Ceza infaz kurumunda veya askerlikte geçirilen süreler denetim süresinden sayılır. Bu süre içinde rehberlik kapsamında verilen yükümlülüğün yerine getirilmesinde yargı merciine verilecek raporlar ceza infaz kurumu ile iş birliği içerisinde hazırlanır.
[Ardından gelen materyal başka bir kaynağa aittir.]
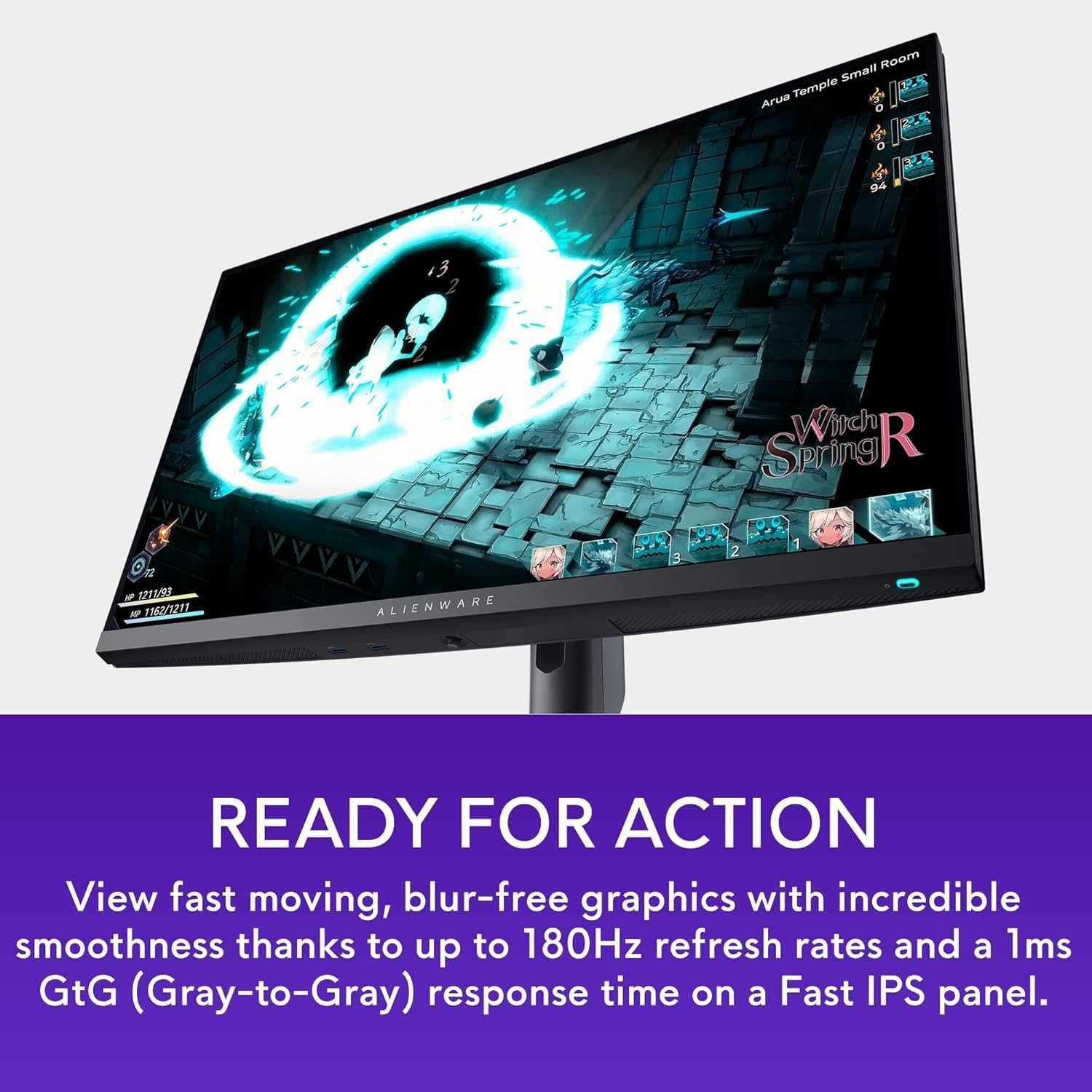 [НОВЫЙ] Монитор DELL Alienware AW2724DM 2K 180Hz FAST IPS FLAT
Hâkime gönderilecek rapora esas olmak üzere üç ayda bir kişinin gelişimi ve davranışları hakkında ceza infaz kurumu idaresinden bilgi istenir.
Denetimli serbestlik Uygulamasında İtiraz ve Şikâyetler
Hakkında denetimli serbestlik hükümleri uygulanan hükümlüler ile kanuni temsilcileri, infaz hizmetlerinin yürütülmesi sırasında müdürlükçe hazırlanan denetim planları ve raporları ile müdürlükçe yapılan uyarılar gibi işlem ve eylemlerin Kanun ve bu Yönetmelik ile ilgili diğer mevzuata aykırı olduğu gerekçesiyle müdürlüğe itirazda ya da infaz hâkimliğine şikâyette bulunabilirler.
Yükümlü, hakkındaki işlem ve eylemleri öğrendiği tarihten itibaren on beş gün, her halde işlem ve eylemlerin yapıldığı tarihten itibaren otuz gün içinde şikâyet yoluyla infaz hâkimliğine başvurabilir.
Şikâyet, dilekçe ile doğrudan infaz hâkimliğine yapılabileceği gibi; Cumhuriyet başsavcılığı veya denetimli serbestlik müdürlüğü aracılığıyla da yapılabilir. Doğrudan infaz hâkimliğine yapılmayan başvurular hemen ve en geç üç gün içinde infaz hâkimliğine gönderilir. Sözlü yapılan şikâyet, tutanağa bağlanır ve tutanağın bir sureti başvurana verilir.
Şikâyet yoluna başvurulması, yapılan işlem veya faaliyetin yerine getirilmesini durdurmaz. Ancak infaz hâkimi giderilmesi güç veya imkânsız sonuçların doğması ve işlem veya faaliyetin açıkça hukuka aykırı olması koşullarının birlikte gerçekleşmesi durumunda işlem veya faaliyetin ertelenmesine veya durdurulmasına karar verebilir.
Müdürlük işlemlerine karşı yapılan itirazlar komisyon tarafından, koruma kurulu kararlarına karşı itirazlar koruma kurulu tarafından incelenerek sonuçlandırılır. Kararlara karşı infaz hâkimliğine şikâyette bulunulabilir. Müdürlük işlemlerine ve koruma kurulu kararlarına yapılan itirazlar şikâyetteki usullere tabidir.
Yükümlüyle ilgili birinci fıkra kapsamında yapılan karar ve işlemlere ilişkin yazışmalarda veya belgelerde, yükümlülerin şikâyet ve itiraz hakkı ile süresi açıkça belirtilir.